Action item
Could the data below be printed out exactly, with the pictures left out?

Data shown
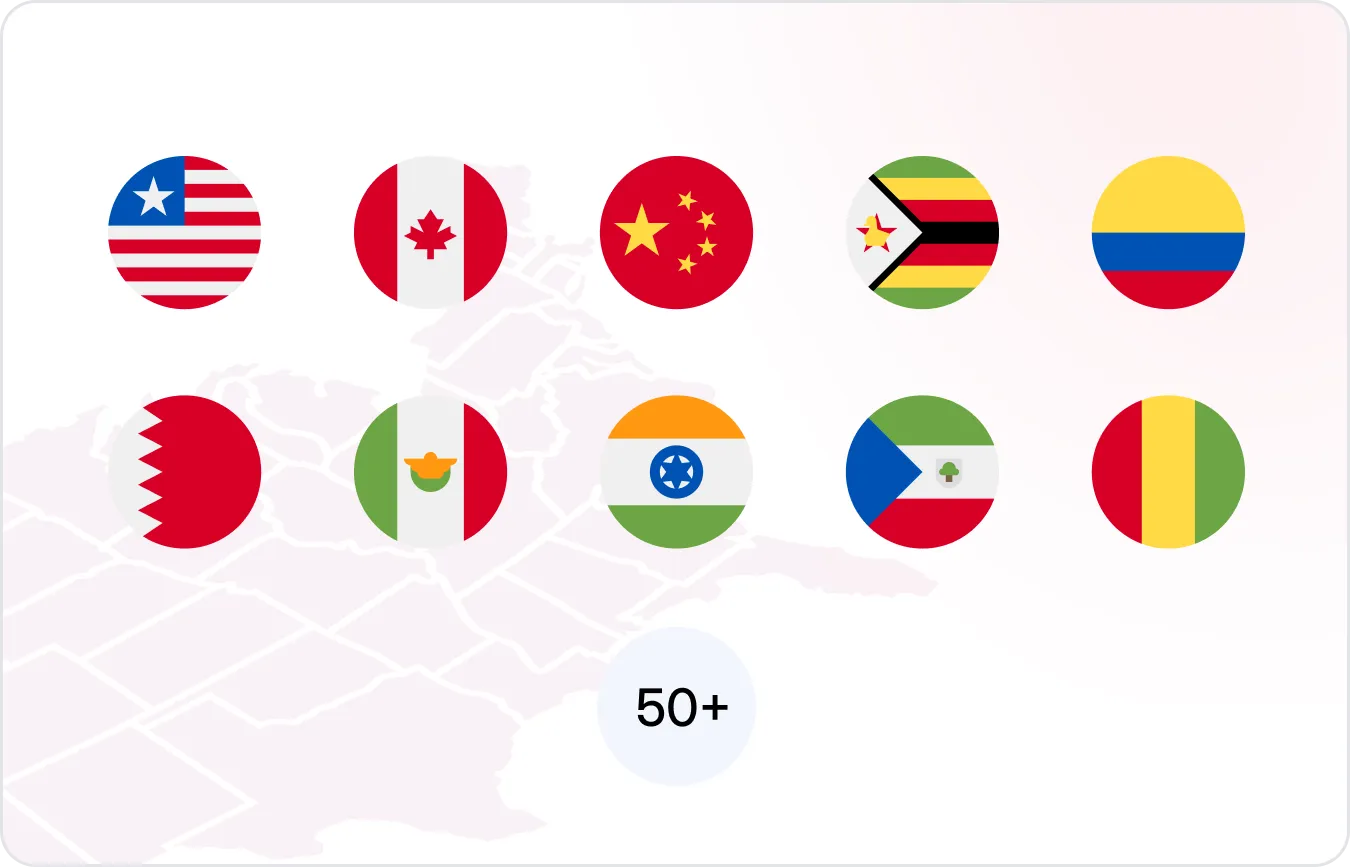 Suporte multilingue no WhatsApp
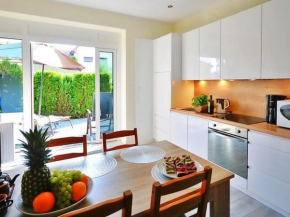 Apartment very close to the beach Ustronie Morskie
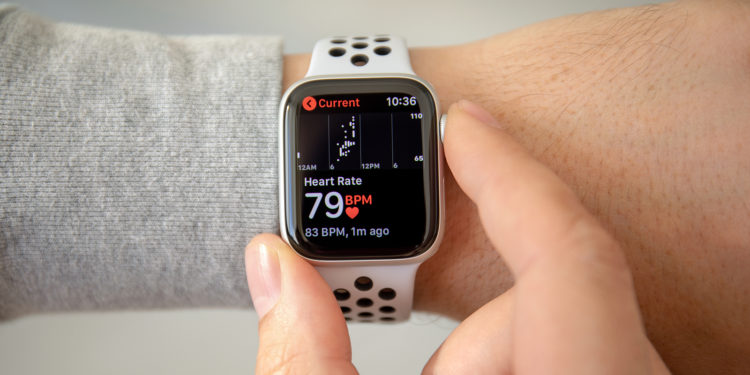 Apple Watch: New health sensors still need time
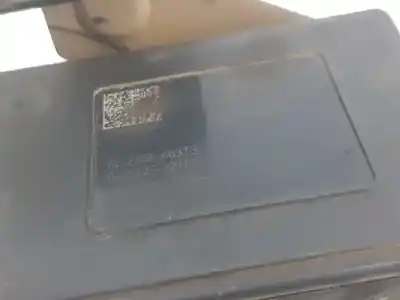 Second-hand car spare part abs for hyundai i10 ii (ba, ia) 1.0 oem iam references 58900b4800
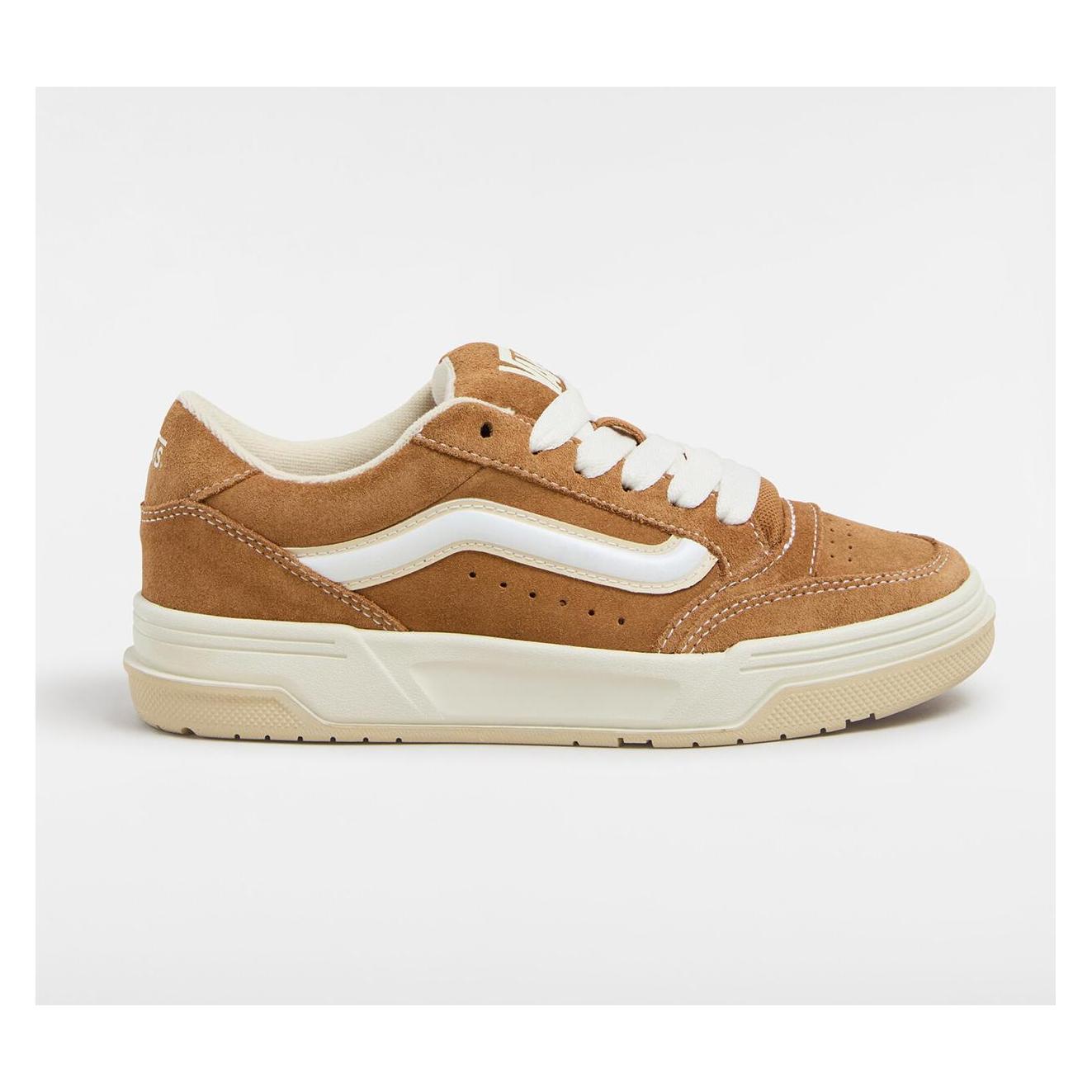 Vans, Damen, Sneakers, Hylane Brown, Braun, (37)
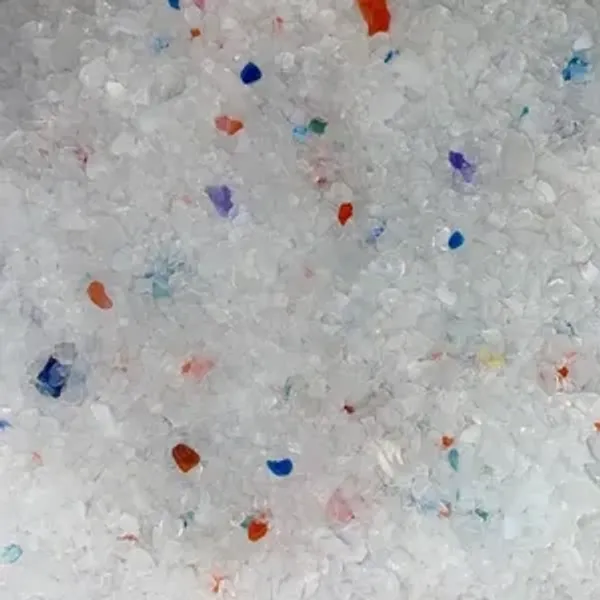 Силикагелевый наполнитель Чистое дело 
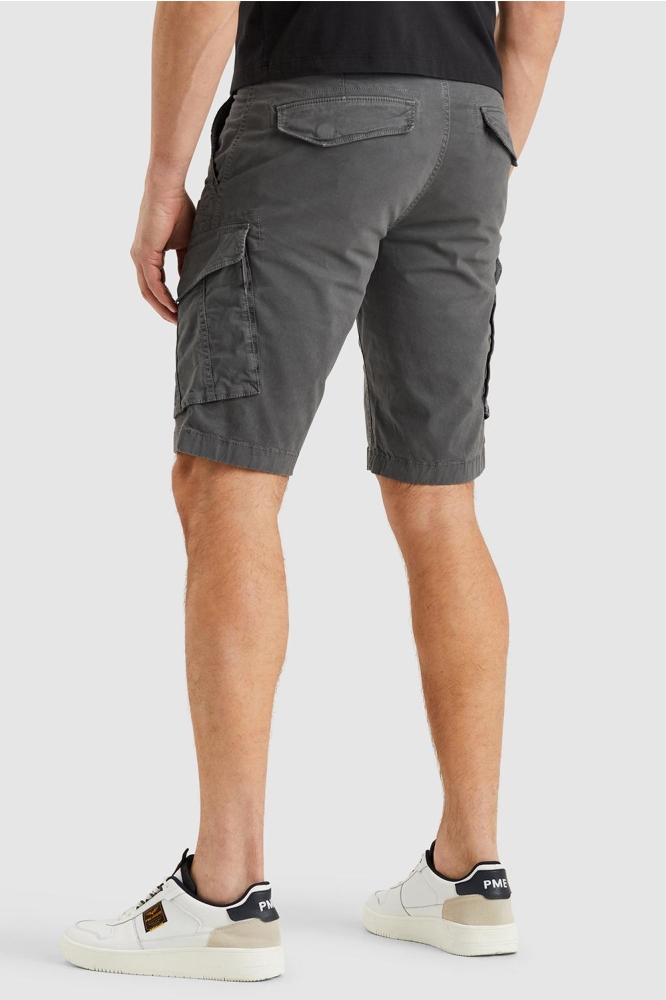 NORDROP TAPERED FIT CARGO SHORTS PSH2504661 9117 TURBULENCE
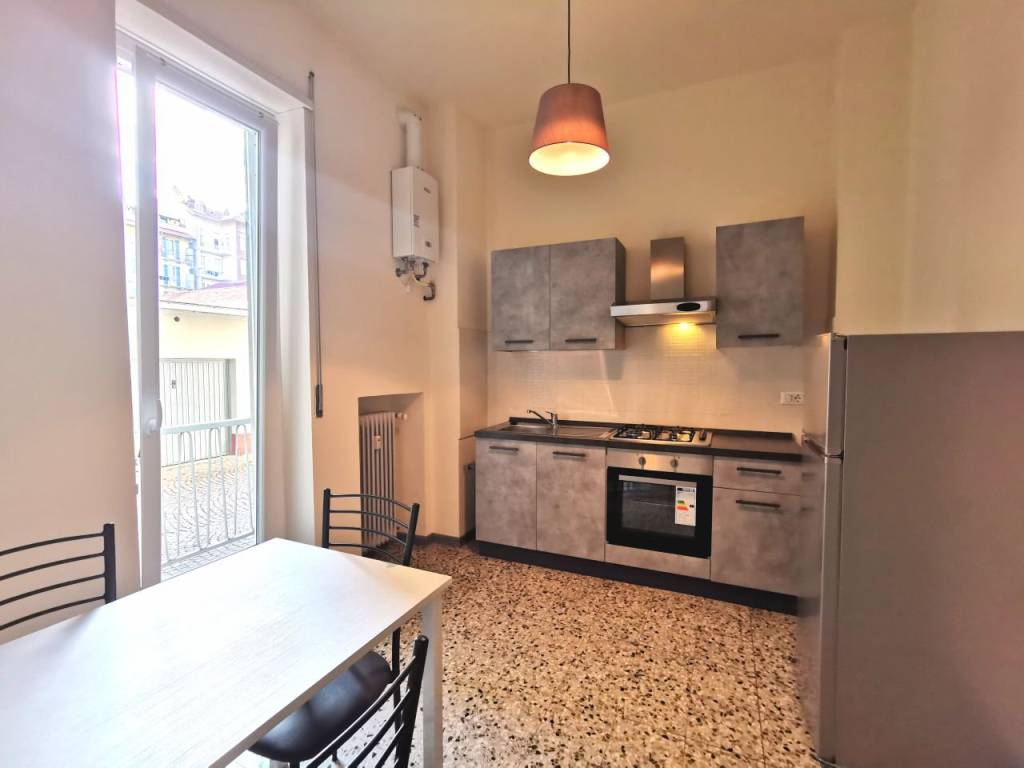 Appartamento a Biella in Via Asmara - Foto 2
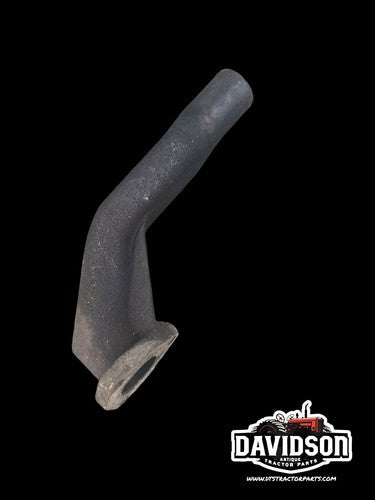 532446M1 Massey Ferguson Exhaust Elbow 203 Perkins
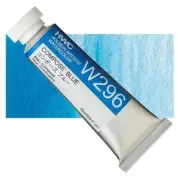 Holbein Artist Watercolour Compose Blue 15ml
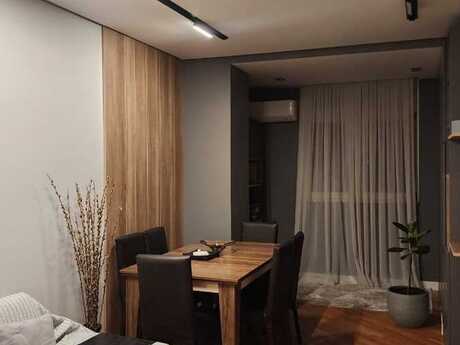 2 otaqlı köhnə tikili - Nizami m. - 60 m²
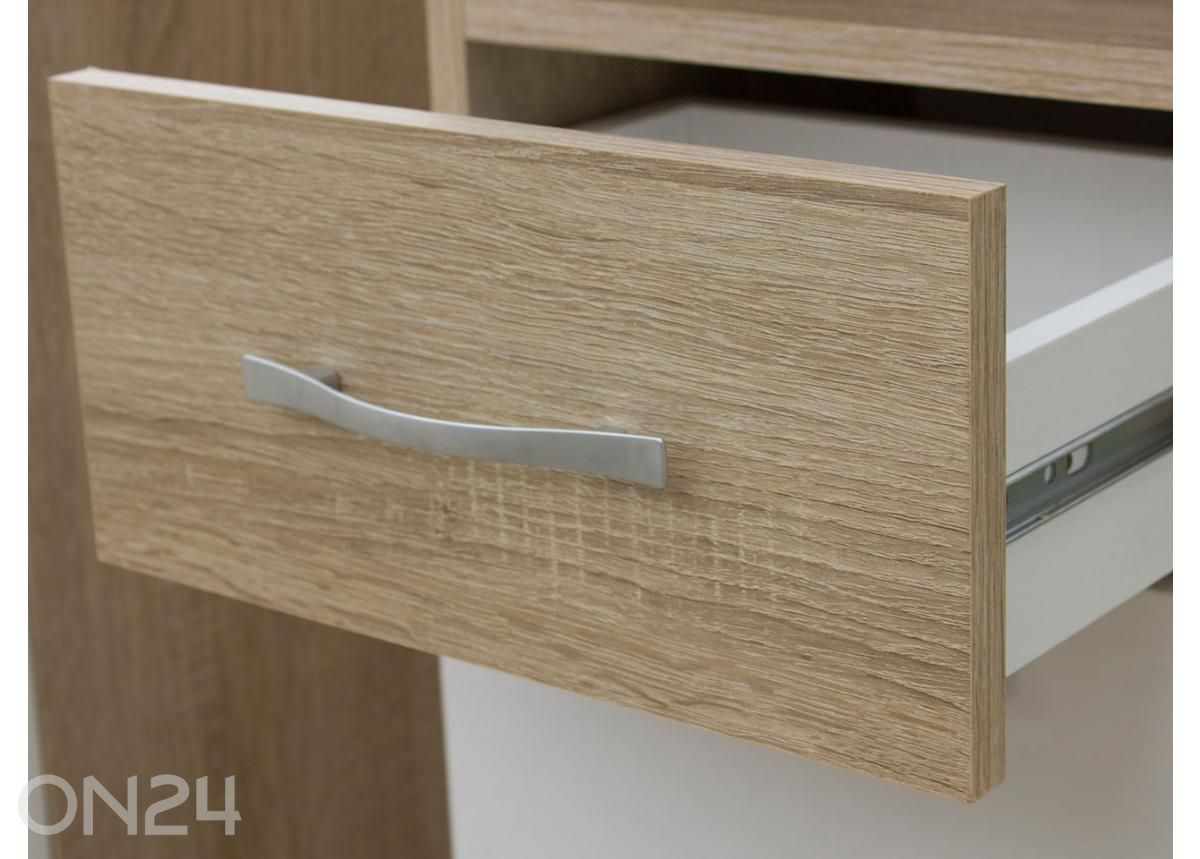 Комплект в ванную комнату Alba увеличить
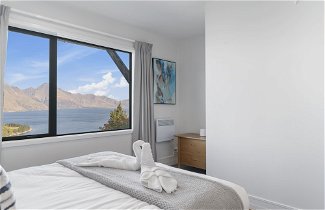 Foto 3 - ALPINE LOFT WITH JAW-DROPPING VIEW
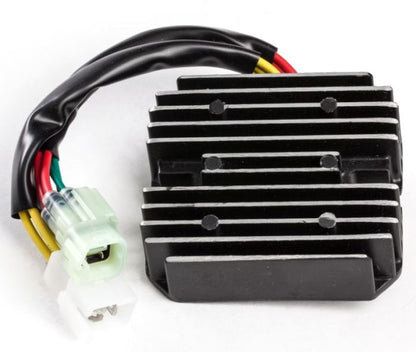 RICK'S Electric OE Style Rectifier/Regulator Part No. 10-243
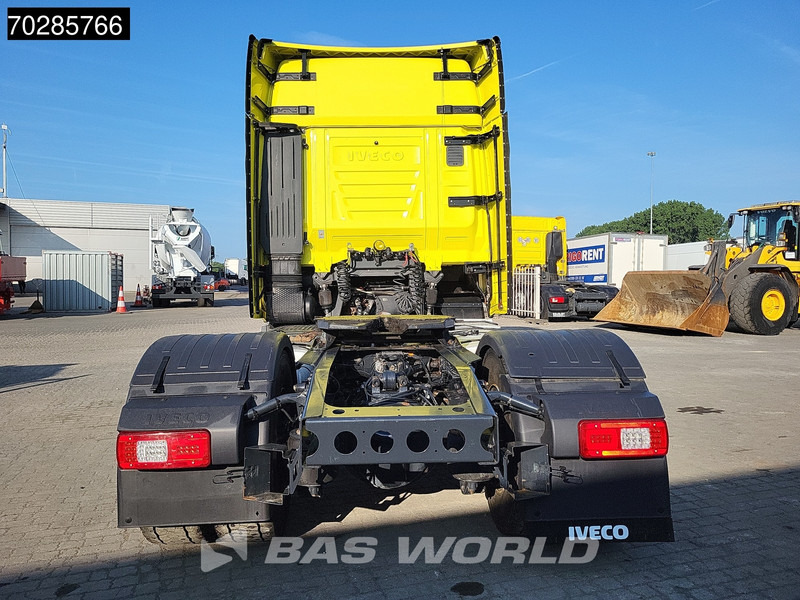 Iveco S-Way 460 4X2 Retarder Hydraulik - Trekkvogn: bilde 3 Iveco S-Way 460 4X2 Retarder Hydraulik - Trekkvogn: bilde 3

Completed exercise
 Suporte multilingue no WhatsApp
 Apartment very close to the beach Ustronie Morskie
 Apple Watch: New health sensors still need time
 Second-hand car spare part abs for hyundai i10 ii (ba, ia) 1.0 oem iam references 58900b4800
 Vans, Damen, Sneakers, Hylane Brown, Braun, (37)
 Силикагелевый наполнитель Чистое дело 
 NORDROP TAPERED FIT CARGO SHORTS PSH2504661 9117 TURBULENCE
 Appartamento a Biella in Via Asmara - Foto 2
 532446M1 Massey Ferguson Exhaust Elbow 203 Perkins
 Holbein Artist Watercolour Compose Blue 15ml
 2 otaqlı köhnə tikili - Nizami m. - 60 m²
 Комплект в ванную комнату Alba увеличить
 Foto 3 - ALPINE LOFT WITH JAW-DROPPING VIEW
 RICK'S Electric OE Style Rectifier/Regulator Part No. 10-243
 Iveco S-Way 460 4X2 Retarder Hydraulik - Trekkvogn: bilde 3 Iveco S-Way 460 4X2 Retarder Hydraulik - Trekkvogn: bilde 3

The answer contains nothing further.